I think it was payday, January 28th,at approximately 3am I purchased my flight to Moscow for April later that (this?) year. The idea popped into my head a few months before – I knew I wanted to go somewhere alone, where I didn’t know anyone. I needed to do some independent travelling again, but nothing too big. Somewhere that would be interesting and I could keep my mind busy. Somewhere I could explore and learn, rather than sit back and watch the world go by, alone with my often terrifying thoughts. I didn’t know what to expect, and wasn’t even particularly looking forward to it. I just knew it was something I had to do. If I get an idea in my head, and no other one pops up to replace it, it WILL happen. After two months of no travel (seriously) I went to Marrakech with Suzy, a big stepping stone after the events of the previous six months. But this time, using the words of Lickety Split as inspiration, I’m going alone.
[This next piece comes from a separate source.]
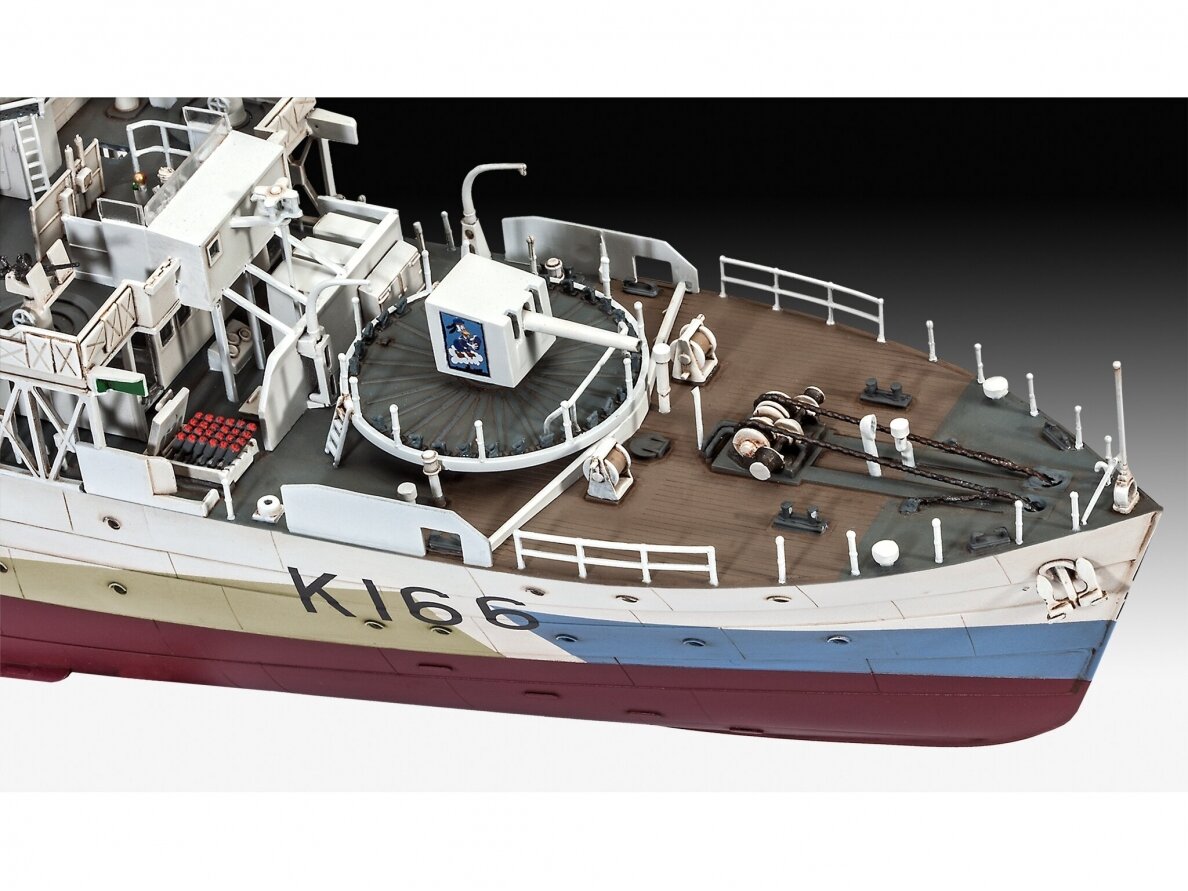 Revell - Flower Class Corvette HMCS Snowberry, 1/144, 05132 3 Revell - Flower Class Corvette HMCS Snowberry, 1/144, 05132 3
So flights booked, I started the arduous process of obtaining a visa. I’d had some practice from work and knew what to expect.
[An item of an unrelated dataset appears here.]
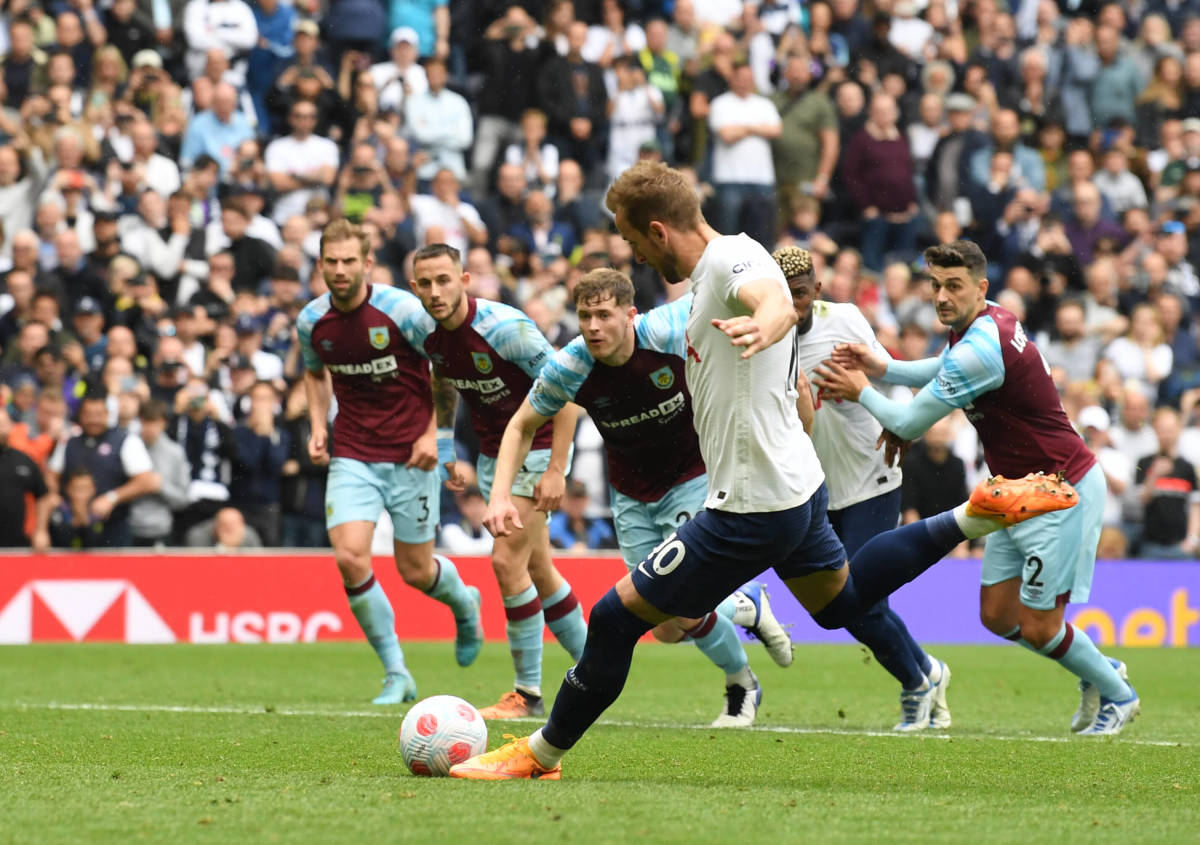 Harry Kane pictured converting a penalty kick for Tottenham against Burnley in May 2022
Some questions pretty easy; ‘no, I had not been convicted on terrorist charges.’
Some took a while; ‘list every country you have visited in the last 10 years, with dates.’ Here I actually ran out of space so just made sure all the ones in my passport were covered.
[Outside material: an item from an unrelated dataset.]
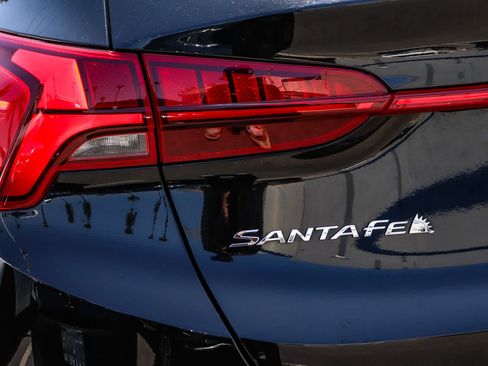 Used 2022 Hyundai Santa Fe Limited AWD/4WD image 11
Others, a little more confusing ‘have you ever had a Russian Visa?’ Yes, I thought. I went to Russia in 1989. But on looking at my old passports, and my parents old passports I could find no evidence that any of us had visited the USSR. ‘No, I have never had a Russian Visa.’
Being brutally honest, prior to this trip, I’ve not held the highest opinions of Russia. Born out of a mix of deep family prejudices (my mother and her family left Latvia as refugees in 1944), studying modern Russian history, and more recently studying the country in regards to Human Rights. But I know just because I think something DOES NOT mean I’m right. Here, I was ready, and wanted to be proved wrong.
Early wake up, en route to Moscow I felt pretty alone, confused (in the vein of ‘what the fuck am I doing?’) but okay; armed with Humpty & my Dr Seuss bible. Thankfully the easyjet flight was practically empty. They had only started the route a couple of weeks before I bought the flights.
Just about to land I looked at the window, and thought, (and wrote in my beautiful leather bound Arsenal journal) “so what the fuck is that? Is it sand? Is it snow? It’s 16*C. Maybe it takes a long time to melt here. Yes. it must be snow. Why would it be sand? Weird. Almost landing and my brain is like ????
But one step at a time. One activity at a time. I can do this on my own. I always have. The support is invaluable, but ultimately what I’ve done. The good AND the bad, is, and has always got to be, down to me.”